Now then, here's where I was coming from: define difference between internet and world wide web:
Which I take to mean "web is to internet as window manager is to desktop environment". Yeah, but show me a case of the latter that works without the former!
Next, some prior history of computer-based communications before what we mostly refer to as "The World-Wide Web" (tm):
"Around the same time another change was happening in the SGML community. Bell Atlantic Engineers, in 1987, introduced an online service that featured graphic representations of office documents, in color, exchanged over the Internet. They had two options: employ a simplified generic SGML DTD as their exchange format or use the editorial-based IMI format. They picked the wrong option perhaps one of the top five worst decisions ever made! Another product, designed for optical media publishing, called Guide from Owl, Ltd. introduced a simple four-tag SGML DTD that could be used to interpret any document into their retrieval program. Although neither of these first simplified SGML applications survived, some students at CERN were paying attention, wrote their own simplified tag set, the hyper text markup language, developed a browser and gave it away! It caught on and the worldwide web was born." http://www.media4theworld.com/Papers/Symbolic_logi c_4.htm
At this point, considering that, at the very worst, I've been following a different version of the story from the one other people follow, I say everybody who flamed me about this owes me a beer.
Now, if the claim was "Mr. Berners-Lee was the first to publish a page on the internet using HTML formatting on what later became the World-Wide Web (tm)", I could go, "Ooooooh, THAT first web page!" I mean, of *course* he was the first to use the HTML language he was writing, if for nothing else than to check for bugs! Incidentally, HTML wasn't even HIS first foray into electronic document formatting - that would be Enquire, and when he worked on *that*, he didn't even know the term "hypertext" existed...kind of like how Linus Torvalds unwittingly supplied the GNU movement with the free kernel they needed without ever hearing of GNU. That would explain where my repressed memories of reading documents in something called "hypertext" (which, at the time, I associated with "hypercard") on an 80's-era Mac came from. In any case, to me it's all Ford vs Chevy, Coke vs Pepsi. XML, SHTML, HML, potatoe, pahtahto. ASCII text with funny dinguses in it to tell a program how to display the regular text. A means for graphic representations of office documents, in color, to be exchanged over the Internet. Of which HTML is merely a subset.
As for "The Web"(tm) as opposed to any old web, I guess back when I was a zitty kid with friends named Poindexter, Eugene, and Huey, and we looked at a bunch of teletypes connected together and called it a "web network", turns out that that wasn't such a common expression. What, didn't *anybody* else here subscribe to Telex?

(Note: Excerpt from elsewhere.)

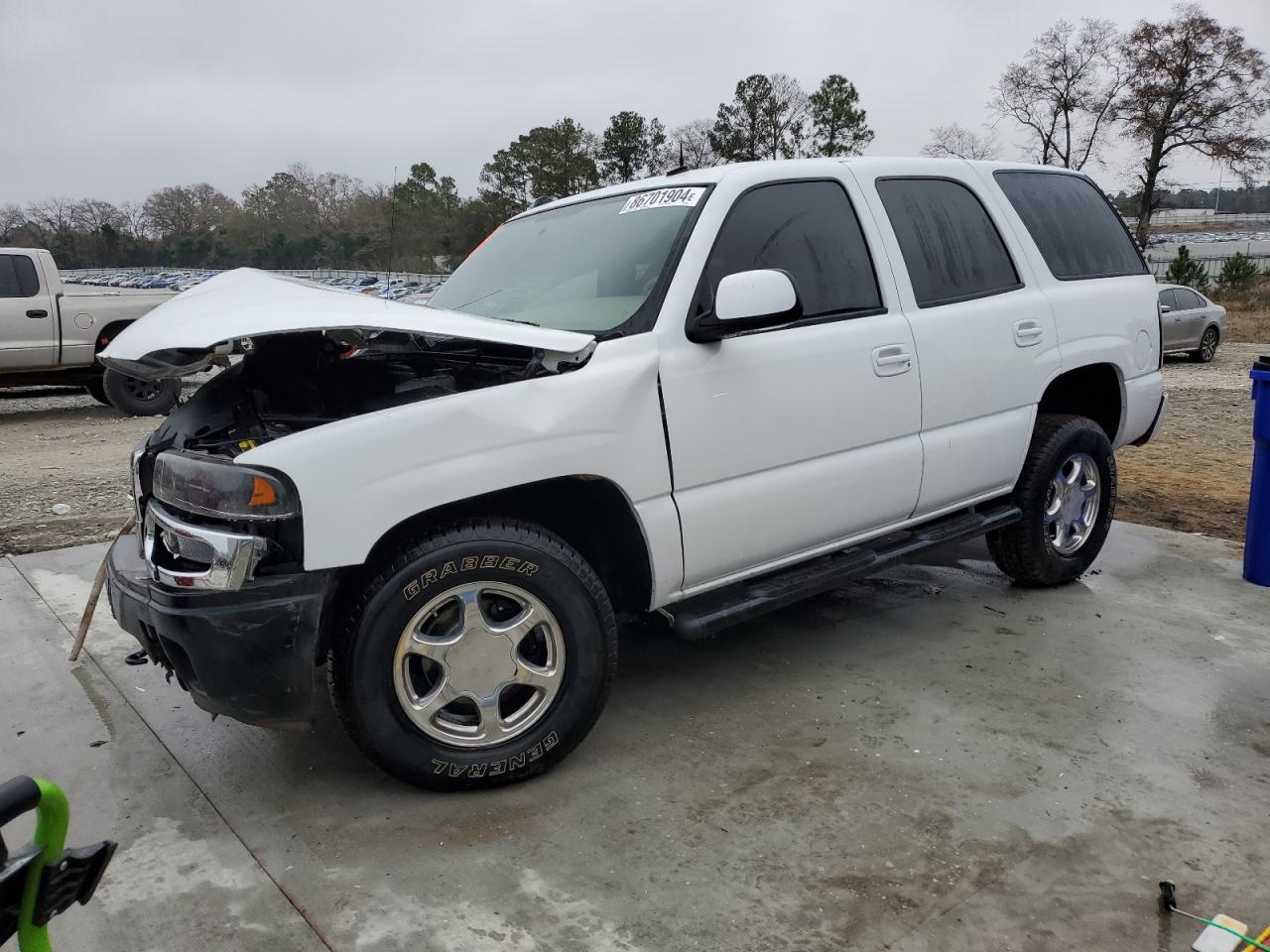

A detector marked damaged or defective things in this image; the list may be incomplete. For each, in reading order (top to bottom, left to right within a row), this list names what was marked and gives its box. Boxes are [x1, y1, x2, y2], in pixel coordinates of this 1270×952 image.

damaged hood [99, 268, 595, 375]
broken headlight [153, 452, 300, 520]
crumpled bumper [104, 532, 329, 726]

To heck with this. I don't care who started what, anymore. And I *hate* HTML!
No, the claim at the top of the article to which this enlightened thread is appended thereto plainly says exactly what I said it says, no more, no less, in the same English you're talking in now. Even the Wiki article proferred by the other enriched genius identified a slew of other contributers. To say one person "invented the web", by themselves, with no outside contributions, is the same logical absurdity as to credit one individual with inventing government, cooking, or running. But clearly, I've given you words far too long for your vocabulary to have not been exhausted by now, so I'll just have to sign off with "up yours, too, moron!" and hope you weren't too taxed to get this far.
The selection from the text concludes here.